═══ COLLECTED DATA ═══

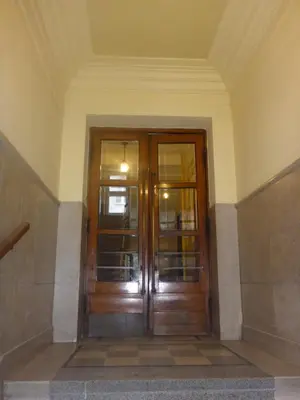 an entrance to a building with wooden doors at Garden Apartment in Kraków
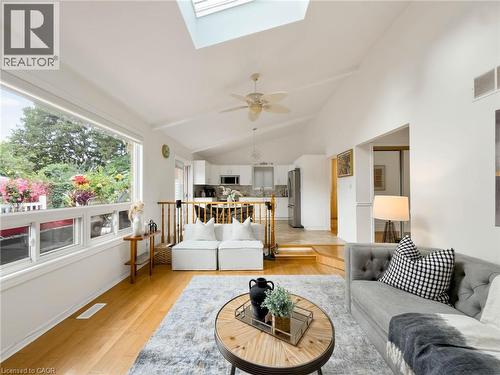 Vaulted ceiling with skylight, wood-finish flooring, large picture window, ceiling fan, and recessed kitchen - 1236 Thorpe Road, Burlington, ON 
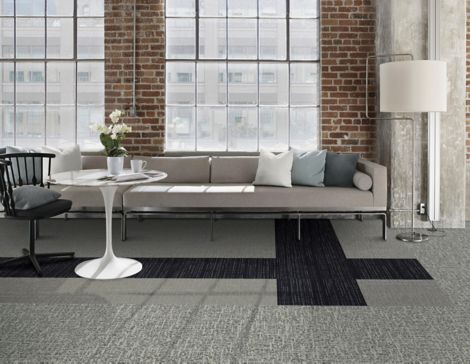 Interface Brownstone and WW890 plank carpet tile with Night Flight carpet tile in lounge area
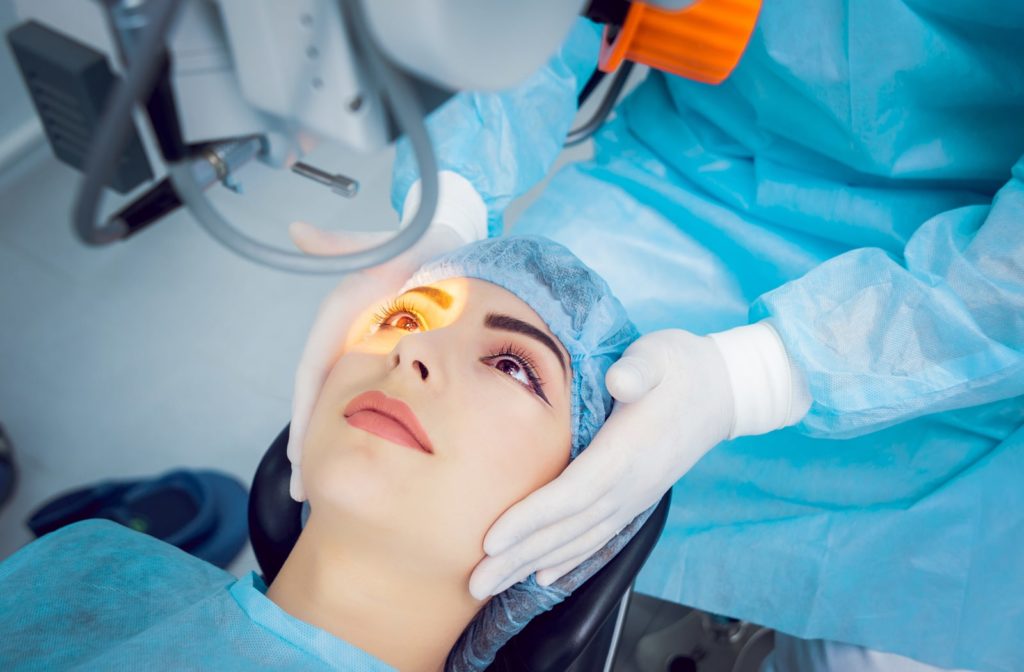 A woman preparing for cataract surgery with the surgeon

═══

What is needed is an exact transcription of the lines from the one holding "Interface Brownstone and" to the end of the data, with every picture left out.

 Interface Brownstone and WW890 plank carpet tile with Night Flight carpet tile in lounge area
 A woman preparing for cataract surgery with the surgeon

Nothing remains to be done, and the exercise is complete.